Photo by Debi Del Grande

"It’s not what I expected being in a band to be all about, but I’ve realised there’s so much more important things than what people think being in a band is – especially with our music. I’ve realised that music can help people and it helps me, so if our gigs are a place people can come and it feels like that’s helping them in some way, then I’m happy and proud that people can feel that when they come to see us."

It Won/t Be Like This All the Time is the first release for the band on Mogwai’s Rock Action label, which is going from strength to strength as it adds the cream of Scottish artists to its roster. "Putting out a record for us is a big investment [for the label] and that shows me that they believe in us, and they always have," says Graham. "Even when we weren’t on the label, [Mogwai] were taking us out on tour and telling people about our band. There’s not just a lot riding on it for me and the rest of the guys in the band, we want to do Rock Action proud as well because they’ve invested a lot. I’m not even just talking about financially, just a lot of their time and their belief in us."

Someone else who has been pivotal to The Twilight Sad’s recent success is The Cure’s Robert Smith – covering one of their songs, taking them out on huge tours and shows, and being heavily involved with the new album’s songs. The band would send him demos which he’d return with a rating out of ten (never lower than a seven) and a series of notes and suggestions, as well as masses of encouragement.

"Obviously when you’ve got one of the greatest songwriters of all time asking you to try stuff, it’s pretty mind-blowing," Graham recalls, adding that 95% of everything he suggested, the band acted upon. "To think ten years ago that we could have the luxury and the privilege of being able to send our songs to someone like Robert and for him to help us," he ponders. "And he helped in many other ways as well that maybe one day we’ll talk about, but he’s just constantly wanting people to hear our music and wanting us to be the best we can be and it’s unbelievable. To see somebody that doesn’t need to help us out like he does. He can just go and get on with his life and tour the world for the rest of his days but he really cares about what we do and he wants to help us.
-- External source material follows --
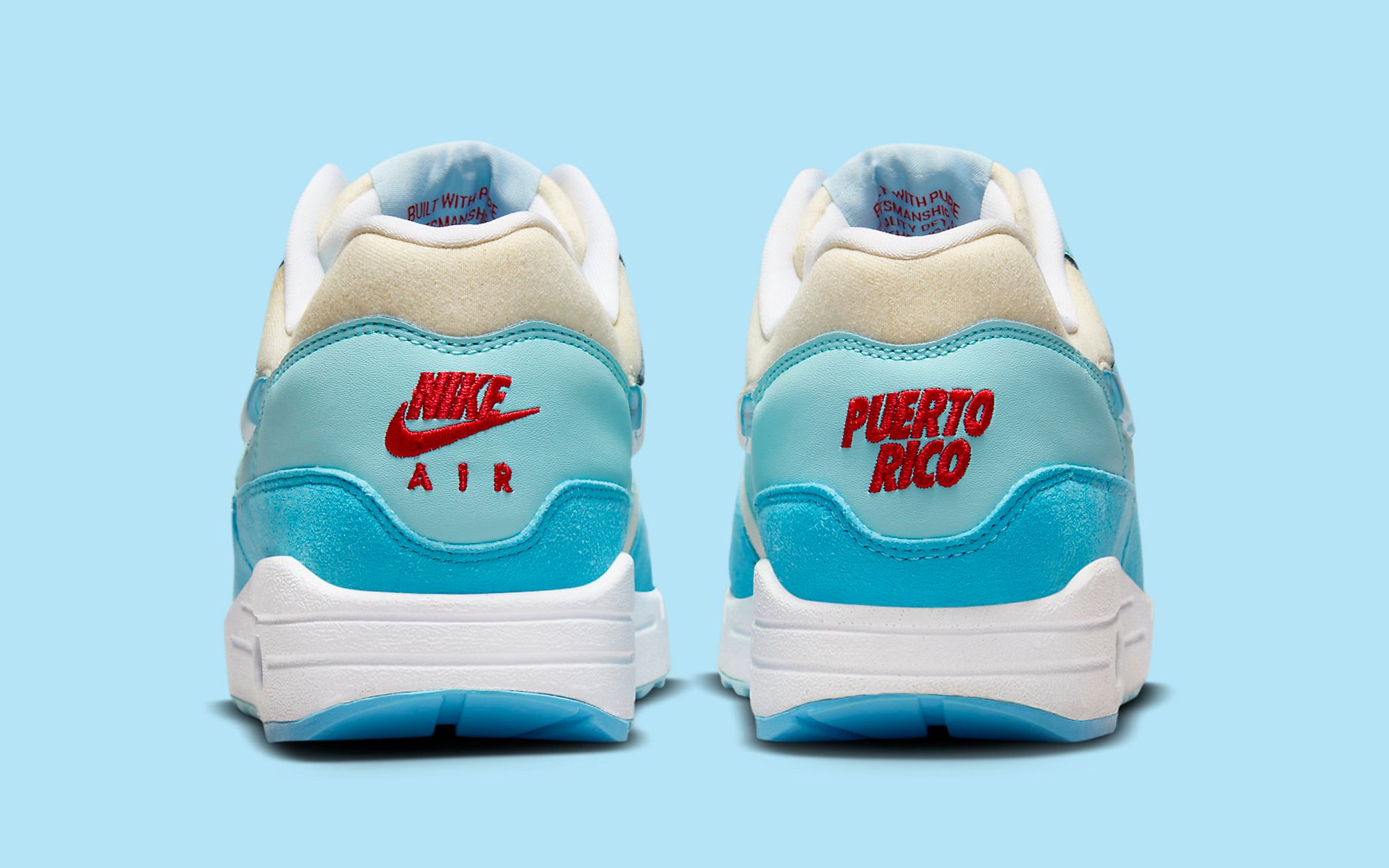 Nike Air Max 1 Puerto Rico Day 'Blue Gale' 6.5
"There are so many other bands in the world that he could have picked, but he saw something in us. It’s not just that I want to do Rock Action proud, I want to do him justice as well to show that his time and everything he has done for us has not gone to waste, that it’s been worth it."

It won’t be like this all the time for The Twilight Sad. Grief will ebb and flow with time and the urge to push ahead will yield its rewards. Last year they battled some of the choppiest waves, yet somehow surfaced musically renewed and structurally more robust. They seem more driven, more accomplished, and recent tours brought greater numbers of converts than ever before; crowds swelled and passions grew. This is a band on the ascendency, and it’s a beautiful and much deserved rise.

"Finding out how much what we do means to people is quite overwhelming sometimes," Graham admits. "The tours themselves were quite emotionally charged, more than they’ve ever been for loads of reasons, and then when you go back out and you speak to people and they tell you about their lives, it’s a bit of a rollercoaster but it’s amazing. They obviously see that I open up and talk about stuff through my music, so maybe they see that they can talk to me. It can be quite full-on, but it’s a beautiful thing."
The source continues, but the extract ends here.